Ammy somehow gets Susano onto her back, and for some odd reason, Susano doesn't just
get off. If you run around talking to the villagers with him on Ammy's back, you get some pretty funny stuff. Once I've had my fill of lulz, I make Ammy bring Susano to the merchant at the rock. He wants Susano to move the rock, and plays the whole "Nagi's descendant" card again. He almost convinces Susano to move the boulder, but Susano bails and heads off to do some training. Issun says, once he leaves, that he's never seen Susano train seriously...ever. Why does this seem like it's not going to end well?
First, though, my walkthrough tells me to make a pit stop at Kushi's, to pick up a sake called
Vista of the Gods. Kushi gives it to me, and is cute.
He says that the sake is exactly what he needs to begin training. "A man without drink is like a warrior without his trusty sword! In fact, it is said that Nagi himself relied on the power of sake in his battle with the dreaded Orochi." Really, though, anyone with a brain can tell that it's not as much the sake as much as it is from Kushi. Ah, to look good in the eyes of the one you like. Now, it's time for the Xtreme Training. *cough*
I have to POWER SLASH! two dummies and two boulders. Since I'm a loser, this takes me about a year.
The second boulder is the boulder that the merchant was whining about, and Susano's all macho about it. The merchant mentions his being Nagi's descendant
again, and I promptly shoot myself in the face. The merchant says that now Susano can fight monsters, and walks off. Susano's macho about it, but only after acting cowardly. He runs out of the village leaving a dust cloud in his wake, and rubs in that he's apparently the greatest warrior in all Nippon.

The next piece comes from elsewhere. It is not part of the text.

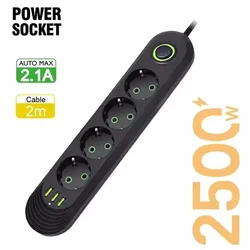 High - Power EU Plug Power Strip with USB Ports & 2m Extension Cord (4 AC Black)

Sakuya appears out of nowhere behind Ammy and Issun, and she's probably wearing less clothes than before. "When you cleaved the boulder in two, my heart skipped a beat." OMG fangirl. Issun wants a reward, and Sakuya calls him a bug. "It's Issun! Issun, Issun, Issun! Stop calling me a bug!" Maybe if you stopped spending all your time in her clothes. He threatens to go back into her kimono if she calls him that again, and she turns away, complete with jiggling boobies.
Sakuya says that even though she'd like to reward them, she can't. She's spending too much energy protecting the rest of Nippon, through what she calls
Guardian Saplings. She also talks about some dark power that keeps getting stronger and stronger. Gee, I wonder what that could be? She asks me to REJUVENATE! these Guardian Saplings, and
marks their locations on my
map. She leaves.
Issun is rather bitchy about going on this adventure, but he's "stuck with furball here until [he] get[s] all the brush skills..." No, you can go ahead and leave, Issun. I don't mind. Really. "Anyway, Ammy's a god and all... What could possibly go wrong?" *headdesk*
Now, it's off from Kamiki Village into Shinshu Field. This is where I leave you. Until next time!
I love how you're treating REJUVENATE! like a Billy Mays product.
You have a letter opener? Lucky.
"I've been informed by The Future." Nice.
That was funny. You take too long to do these.